Data supplied:
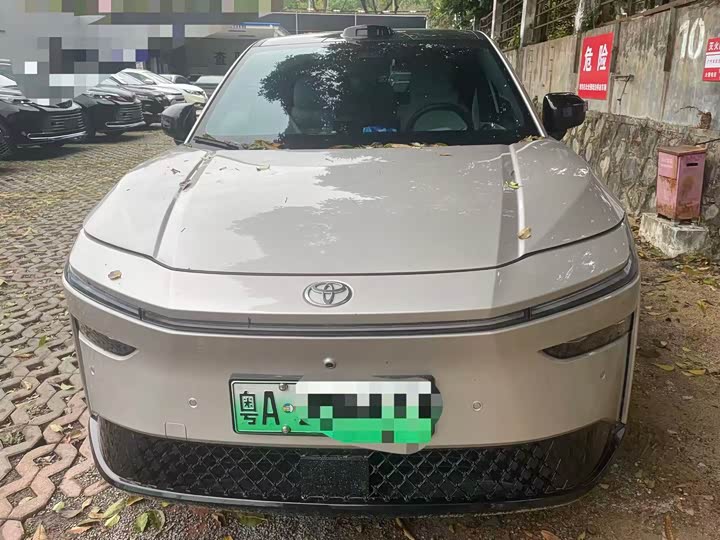 Photo 1 - Toyota bZ3X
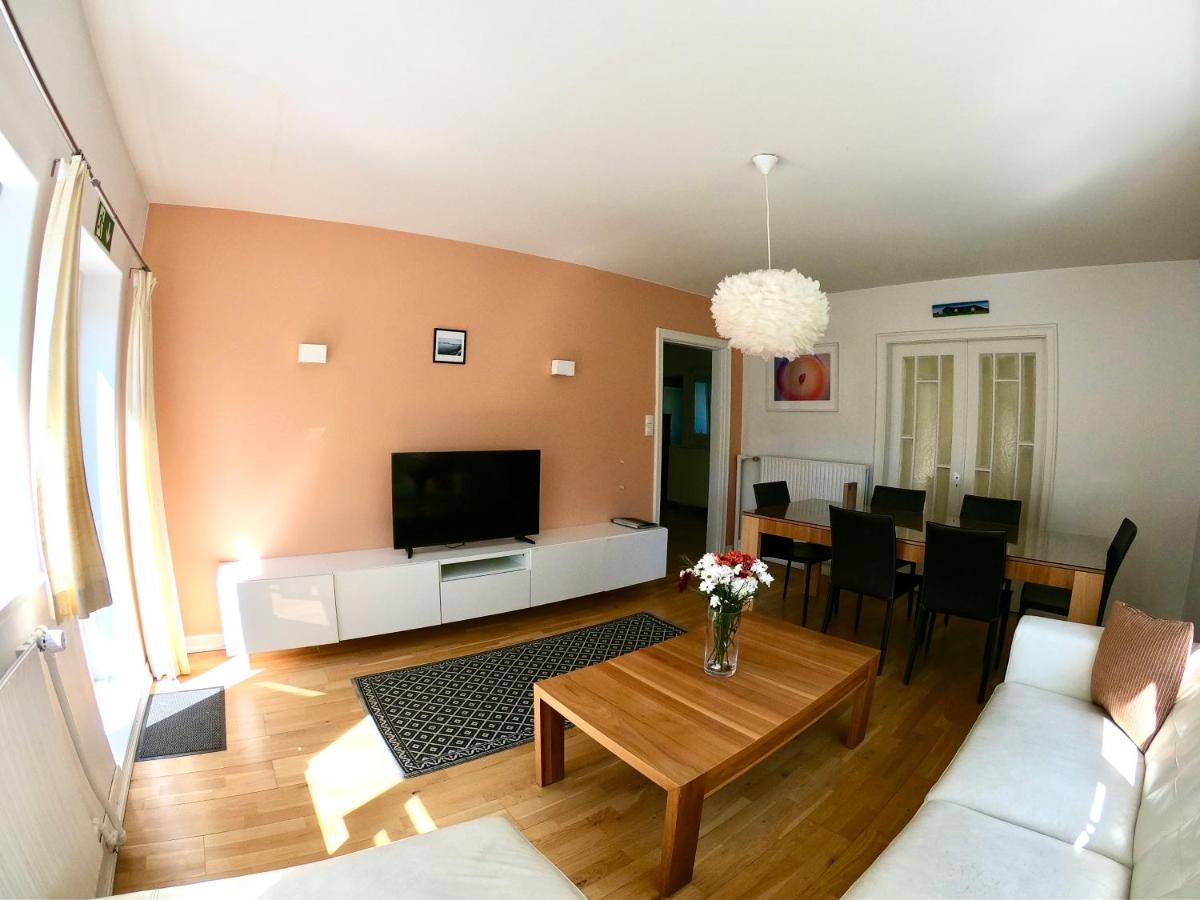 Pearl Of The North Apartments Akureyri Bagian luar foto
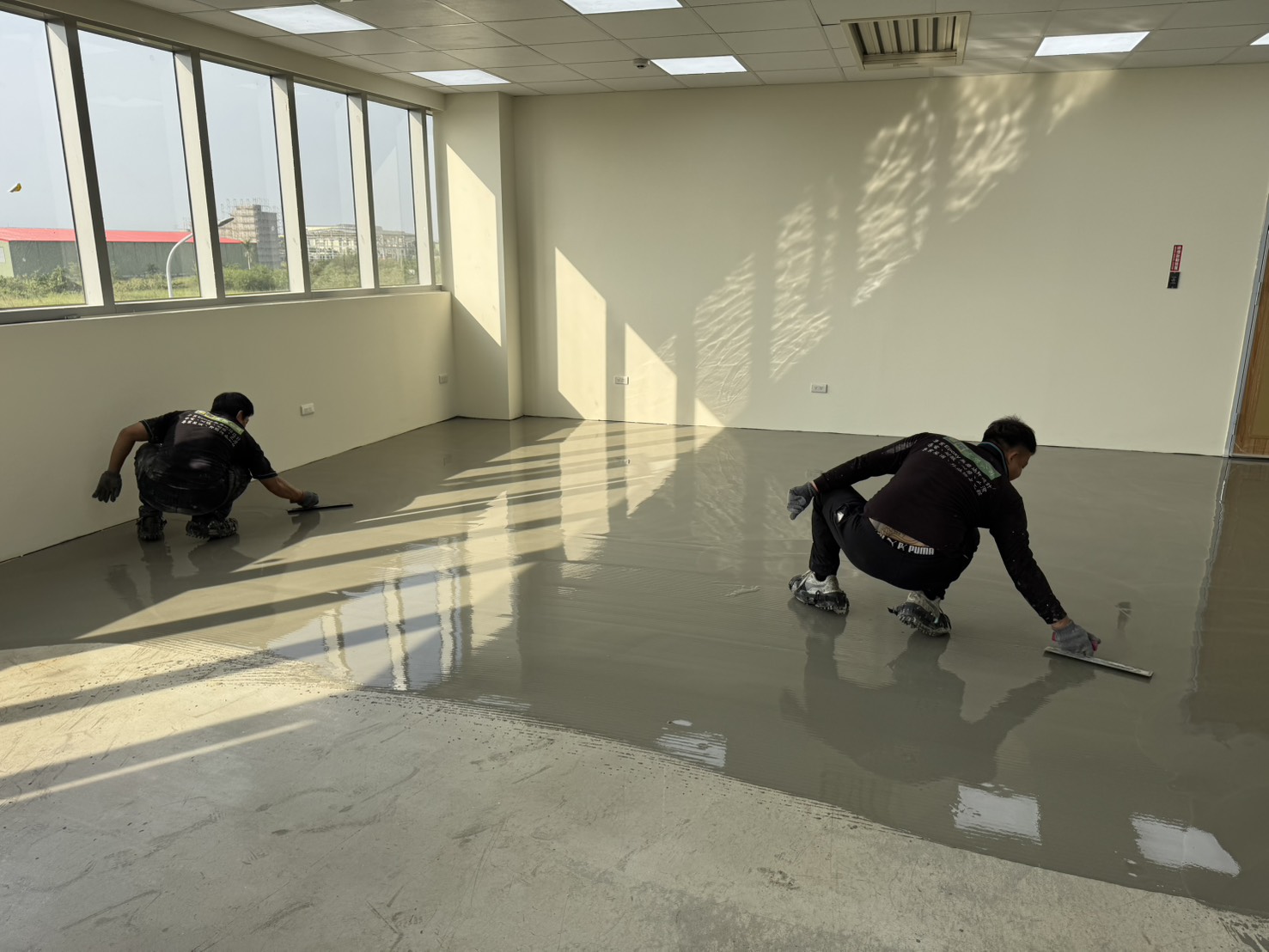 台南麻豆廠房辦公區 自平水泥地坪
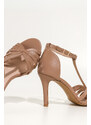 Beżowe sandały skórzane damskie szpilki t-bar z zakrytą piętą PRODUKT POLSKI Casu 7118-794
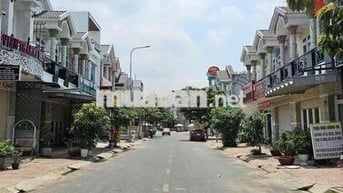 làm ăn thua bán để trả nợ 185m2 (ngang 10 dài 18,5)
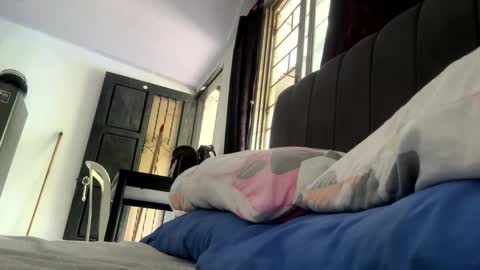 tali  online show from October 22, 2025, 4:18 pm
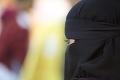 Zahalené moslimky majú smolu: Burka dostane stopku v ďalšej európskej krajine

What to produce:
Pictures excluded, write out exactly and only the lines of the material from the one containing "台南麻豆廠房辦公區 自平水泥地坪" up to and including the last line.

Answer space:
 台南麻豆廠房辦公區 自平水泥地坪
 Beżowe sandały skórzane damskie szpilki t-bar z zakrytą piętą PRODUKT POLSKI Casu 7118-794
 làm ăn thua bán để trả nợ 185m2 (ngang 10 dài 18,5)
 tali  online show from October 22, 2025, 4:18 pm
 Zahalené moslimky majú smolu: Burka dostane stopku v ďalšej európskej krajine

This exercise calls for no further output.